After initially being composed of Italian-built trolleybuses diverted from Italian systems, until 1988 the Linz system's past fleet mostly comprised trolleybuses built in Austria by Gräf & Stift. A small number built by Steyr Bus entered service in 1988, and a larger batch built by Volvo Buses renewed the fleet in the early 2000s. When articulated vehicles comprised the majority of the fleet, from the 1960s to the 2000s (when the last non-articulated vehicles were retired), the two-axle trolleybuses were normally used on route 45, while the other routes used articulated vehicles.

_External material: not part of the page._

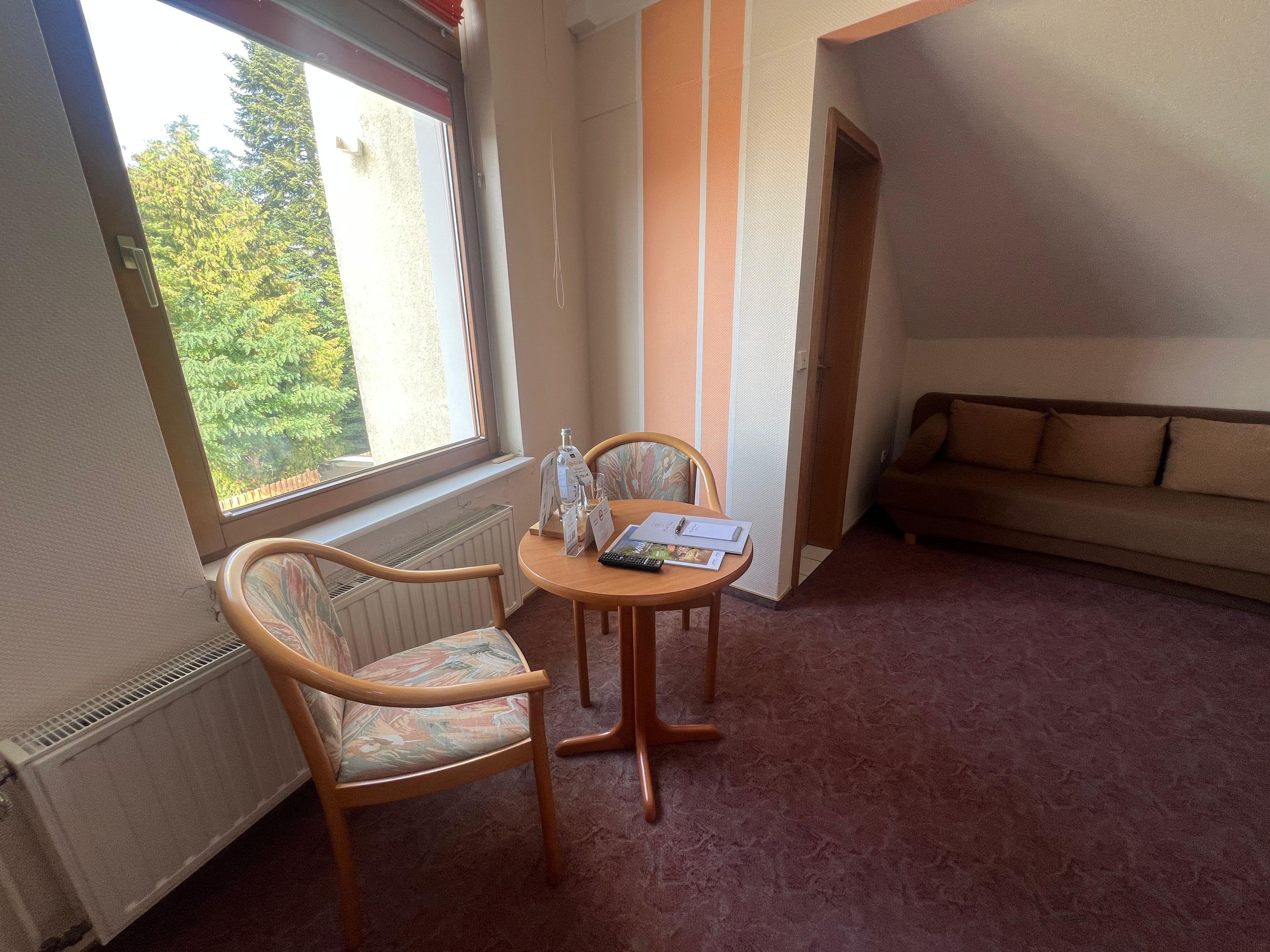 Una habitación con ventana, un radiador, un sofá, una mesa con sillas y suelo alfombrado.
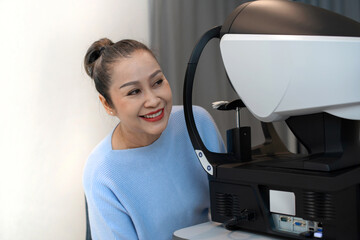 Asian senior woman with eye vision measurement machine in clinic, smiling with some one selective focus, diagnostic ophthalmology equipment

- 10 Isotta Fraschini TSC40 two-axle vehicles, built 1937–1938, from either the Milan trolleybus system or the Livorno trolleybus system.
- 3 Alfa Romeo 110AF three-axle vehicles, nos. 11–13, built 1943, from the Rome trolleybus system. No. 13 was renumbered 10 in 1945, after the original no. 10 was destroyed in an airstrike.
- 20 Gräf & Stift/Brown, Boveri & Company (BBC) two-axle vehicles, nos. 13–32, built 1949. Most were retired by 1965, but nos. 29 and 22 were withdrawn in late 1966 and late 1967, respectively.
- 5 Gräf & Stift/BBC two-axle vehicles, nos. 33–37, built 1955 (first unit) and 1959. Retired between 1966 (no. 33) and 1975.
- 7 Gräf & Stift/BBC two-axle vehicles, nos. 41–47, built 1961/63.
- 3 Gräf & Stift/Kiepe two-axle vehicles, nos. 48–50, built 1969. These trolleybuses were withdrawn in 1988 and were the last Gräf & Stift vehicles in service in Linz.
- 18 Gräf & Stift/BBC articulated, nos. 51–68, built 1960/63.
- 2 Gräf & Stift/Kiepe articulated, nos. 69–70, built 1968.
- 3 Gräf & Stift/Kiepe articulated, nos. 71–73, built 1963.
- 3 Gräf & Stift/Kiepe articulated, nos. 74–76, built 1967.
- 1 Gräf & Stift/Kiepe articulated, no. 77, built 1969. After retirement in 1984, 19 of the 27 trolleybuses of series 51–77 were sold the to Sofia trolleybus system, in Bulgaria, for use there.
- 20 Gräf & Stift/Kiepe articulated, nos. 201–220, built 1983–1985, replacing all remaining 1960s-era articulated trolleybuses in the fleet (series 51–77) by the end of 1984. The last three active units from this series were withdrawn around August 2001, and 14 were sold to the Vologda trolleybus system, in Russia, later that year.
- 4 Steyr/Kiepe two-axle vehicles, nos. 240–243, built 1988. Entered service in 1988. Last units withdrawn in 2003, and in 2005 were sold to the Rostov-on-Don trolleybus system, in Russia.
- 19 Volvo B7000/Kiepe (also referred to as model V 7000 AT) low-floor, articulated, nos. 201–219, built 2000–2001. First units entered service in 2000. The last Volvo trolleybuses were retired in 2019, their last day of service being 26 March 2019. At least seven were sold to the Ivano-Frankivsk trolleybus system, in Ukraine.

===Current fleet===
The present fleet comprises 20 Van Hool ExquiCity 24T double-articulated, low-floor trolleybuses numbered 221–240, built in 2017–2019. The first two examples were delivered in 2017 and no. 222 entered service on 28 November 2017. Delivery of the others began in June 2018, and the last of the 20 had arrived by March 2019.